Scottsdale permitting: FAQ

How long does a building permit take in Scottsdale?

Scottsdale posts targets, not measured actuals. The substantive first-review target is 15 business days for most plan types, including a new single-family home, with 5 days for small-scope work, 10 for tenant improvements, and 20 for the largest projects, after a 7-day completeness check. Those are per-cycle first-review targets, not total time-to-permit. Real elapsed time on a custom or hillside home is driven by how many correction cycles it takes, plus the desert-preservation reviews that run alongside building plan check.

What is the Environmentally Sensitive Lands Ordinance?

The ESLO is Scottsdale's desert and hillside preservation framework, covering roughly 134 square miles of the city's northern terrain. It requires that a percentage of each lot, from about 20% up to 80% depending on landform and slope, be preserved permanently as Natural Area Open Space, with the steepest hillside zones at the high end. For a custom home on desert or hillside land, the ESLO shapes where you can build and how much of the lot is developable, and its review runs in parallel with the building permit.

Do I have to protect native plants like saguaros?

Yes. Scottsdale's Native Plant Ordinance requires you to inventory, protect, and transplant or salvage major native specimens such as saguaro, ironwood, and palo verde, and ESLO plant palettes must use plants from the city's approved indigenous list. That means a native-plant inventory and a salvage or transplanting plan on desert lots, which is both a cost and a scheduling factor on top of the building plan check.

Does Scottsdale publish actual review times?

No measured actuals were found.

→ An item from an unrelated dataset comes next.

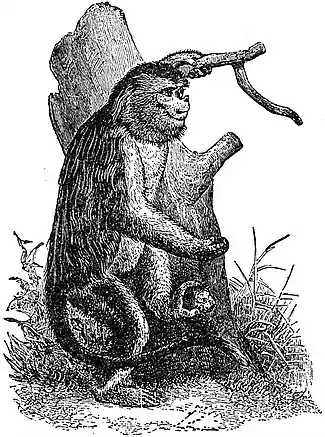 EB1911 Primates - Orange Snub-nosed Monkey.jpg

Scottsdale references a performance-management framework and a quarterly performance report, but no public-facing dashboard or open-data table reporting actual plan-review turnaround (average days or percent on time) for permits was locatable. The numbers the city publishes are posted targets. In January 2026 Scottsdale also replaced its eServices portal with a new Scottsdale SPUR portal for new projects, where current process details live.

Sources

All figures on this page are drawn from Plan Review Services targets and Environmentally Sensitive Lands OrdinanceCity of Scottsdale Planning & Development Services. Scottsdale's posted first-review targets (5/10/15/20 business days by plan type) and its desert-preservation regime: the Environmentally Sensitive Lands Ordinance, Native Plant Ordinance, and design review. www.scottsdaleaz.gov/planning-development/plan-review-services. Specific tables, reports, and pages are cited inline with each figure above.

The 15-day and 20-day numbers are posted targets per review cycle, not measured actuals and not total time-to-permit. Real elapsed time on a custom or hillside home is driven by the number of correction cycles (each restarting the clock) plus ESLO, Native Plant, and design-review processes that run partly in parallel with building plan check. No measured actual turnaround data (city dashboard or open data) was found; if the city's quarterly performance report or open-data portal later exposes plan-review metrics, those would supersede the targets here. The code editions cited (2021 IBC suite, 2021 IRC) were current as of research; confirm the adopted edition by submittal date. In January 2026 Scottsdale moved permitting to the new Scottsdale SPUR portal.